Material provided:
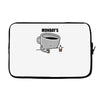 mondays Laptop sleeve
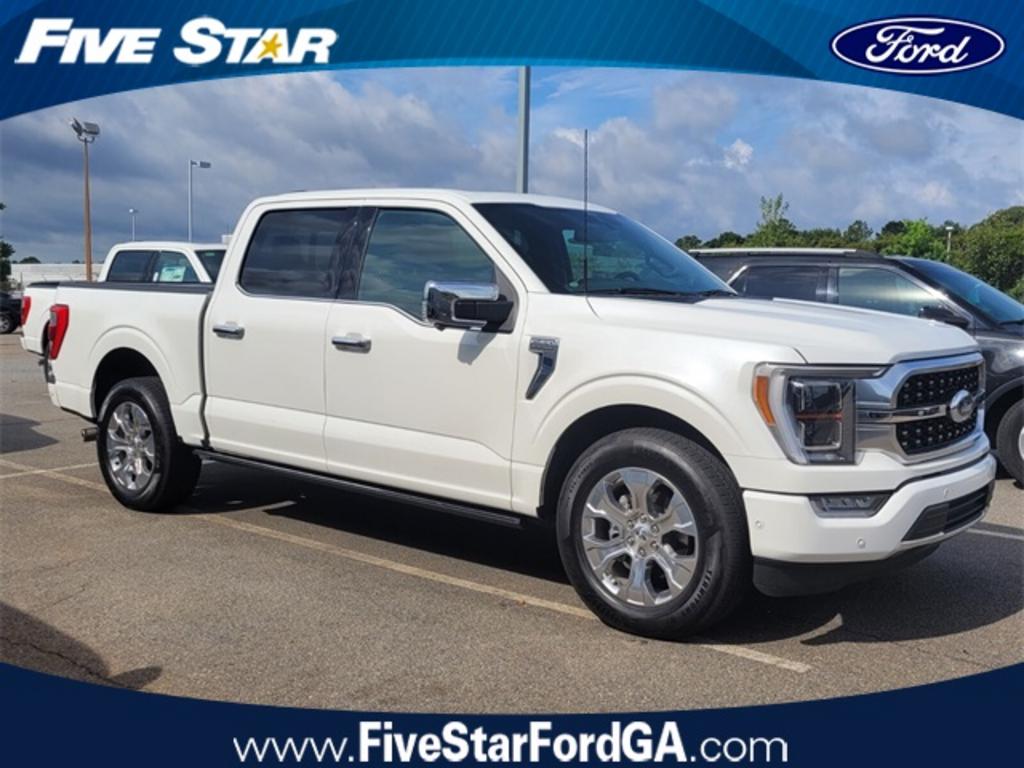 2022 Ford F-150 - $57,588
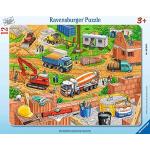 Puzzle classici a tema mucca per bambini cantiere per età 2-3 anni Ravensburger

Required action: Reproduce the material exactly. Pictures stay out.

Solution to the problem:
 mondays Laptop sleeve
 2022 Ford F-150 - $57,588
 Puzzle classici a tema mucca per bambini cantiere per età 2-3 anni Ravensburger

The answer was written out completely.